Air conditioning preferences in B.C. workplaces often cause tensions to boil over between employees, a BC Hydro report says, and it may have more to do with male and female anatomy than originally thought.
Roughly one-quarter of British Columbians surveyed by BC Hydro said they have either argued with a co-worker over the office temperature or witnessed a disagreement between co-workers, the Crown corporation said in a news release Thursday.
Another two-thirds of office workers said they aren’t allowed to adjust the thermostat themselves, and instead have to ask permission to do so from management.
Sixty per cent of respondents said their office is often too cold in the summer, making it difficult to concentrate on work – a feeling shared twice as much among women than men.
Nearly 60 per cent of women also said they use a blanket or wear layers to deal with chilly offices, while 15 per cent reported using a space heater at their desk to stay warm.
BC Hydro said the results suggest that many office temperature-control systems are based on a “decades-old thermal comfort formula” that was designed around the male metabolic rate.

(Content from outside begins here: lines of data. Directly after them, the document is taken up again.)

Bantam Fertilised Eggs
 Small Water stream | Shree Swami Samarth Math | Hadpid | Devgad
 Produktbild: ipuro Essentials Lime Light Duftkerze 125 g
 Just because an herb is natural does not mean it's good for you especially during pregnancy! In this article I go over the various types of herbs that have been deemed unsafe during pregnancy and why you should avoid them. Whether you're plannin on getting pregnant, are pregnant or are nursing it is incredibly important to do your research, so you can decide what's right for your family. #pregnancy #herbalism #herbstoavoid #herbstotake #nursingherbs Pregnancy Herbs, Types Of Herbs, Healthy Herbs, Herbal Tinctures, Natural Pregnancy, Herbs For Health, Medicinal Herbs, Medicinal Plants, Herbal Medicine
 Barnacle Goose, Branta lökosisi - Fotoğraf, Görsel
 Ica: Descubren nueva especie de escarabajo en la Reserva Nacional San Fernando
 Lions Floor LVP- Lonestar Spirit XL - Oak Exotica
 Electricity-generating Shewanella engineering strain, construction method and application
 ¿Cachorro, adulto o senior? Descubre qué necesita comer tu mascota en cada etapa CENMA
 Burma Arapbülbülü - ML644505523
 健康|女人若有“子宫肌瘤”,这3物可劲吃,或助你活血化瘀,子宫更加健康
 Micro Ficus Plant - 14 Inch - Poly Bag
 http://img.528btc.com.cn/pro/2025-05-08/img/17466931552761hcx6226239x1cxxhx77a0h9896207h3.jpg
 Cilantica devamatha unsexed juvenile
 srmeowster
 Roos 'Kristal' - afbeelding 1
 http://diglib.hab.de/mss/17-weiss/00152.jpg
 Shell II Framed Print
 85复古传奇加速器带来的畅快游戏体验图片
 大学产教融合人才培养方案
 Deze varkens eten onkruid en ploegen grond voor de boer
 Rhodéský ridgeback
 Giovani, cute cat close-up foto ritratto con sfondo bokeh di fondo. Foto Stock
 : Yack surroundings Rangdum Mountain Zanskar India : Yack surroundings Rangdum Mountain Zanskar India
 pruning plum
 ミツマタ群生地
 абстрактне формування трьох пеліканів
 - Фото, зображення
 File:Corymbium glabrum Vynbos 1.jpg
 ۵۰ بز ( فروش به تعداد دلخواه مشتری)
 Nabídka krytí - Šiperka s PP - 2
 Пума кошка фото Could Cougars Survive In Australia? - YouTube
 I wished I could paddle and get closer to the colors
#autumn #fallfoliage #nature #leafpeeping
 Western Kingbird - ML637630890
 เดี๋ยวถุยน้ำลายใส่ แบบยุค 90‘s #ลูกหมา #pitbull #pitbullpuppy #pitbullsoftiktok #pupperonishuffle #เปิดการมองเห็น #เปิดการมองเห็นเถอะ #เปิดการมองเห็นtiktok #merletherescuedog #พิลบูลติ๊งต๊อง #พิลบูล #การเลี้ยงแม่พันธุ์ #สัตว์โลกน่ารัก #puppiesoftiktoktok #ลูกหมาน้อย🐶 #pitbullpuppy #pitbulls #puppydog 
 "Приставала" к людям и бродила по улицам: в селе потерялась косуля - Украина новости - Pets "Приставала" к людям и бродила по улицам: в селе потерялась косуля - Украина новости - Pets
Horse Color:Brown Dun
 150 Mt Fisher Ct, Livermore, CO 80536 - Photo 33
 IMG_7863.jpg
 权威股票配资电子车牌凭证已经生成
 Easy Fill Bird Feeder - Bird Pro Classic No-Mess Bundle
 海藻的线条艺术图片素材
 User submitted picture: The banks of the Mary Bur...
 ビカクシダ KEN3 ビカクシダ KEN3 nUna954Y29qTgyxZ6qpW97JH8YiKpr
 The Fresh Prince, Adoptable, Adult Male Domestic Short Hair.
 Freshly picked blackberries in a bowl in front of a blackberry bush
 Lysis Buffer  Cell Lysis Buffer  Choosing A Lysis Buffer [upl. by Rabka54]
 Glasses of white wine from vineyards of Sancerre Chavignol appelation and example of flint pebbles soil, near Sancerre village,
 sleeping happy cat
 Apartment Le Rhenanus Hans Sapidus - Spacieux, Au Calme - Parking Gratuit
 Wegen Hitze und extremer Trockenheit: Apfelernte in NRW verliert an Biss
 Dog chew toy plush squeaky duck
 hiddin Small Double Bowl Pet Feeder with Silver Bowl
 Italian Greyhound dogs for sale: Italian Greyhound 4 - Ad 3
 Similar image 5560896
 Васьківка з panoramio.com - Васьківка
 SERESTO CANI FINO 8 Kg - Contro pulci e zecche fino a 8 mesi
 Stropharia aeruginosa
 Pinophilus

Data collected across the province shows thermostats tend to be set as low as 20 C, which is three to four degrees cooler than what is recommended and can lead to wasted electricity and higher costs, the report said.
“Conflicts between employees over the A/C may seem harmless, but office relationships and productivity can suffer if arguments escalate into a full-blown cold war.”
Commercial buildings should be between 23 C to 26 C in the summer, and air conditioning should be turned off when employees go home for the day. Air conditioning systems should also complement the office layout, which can be tested through balancing air ducts every now and again.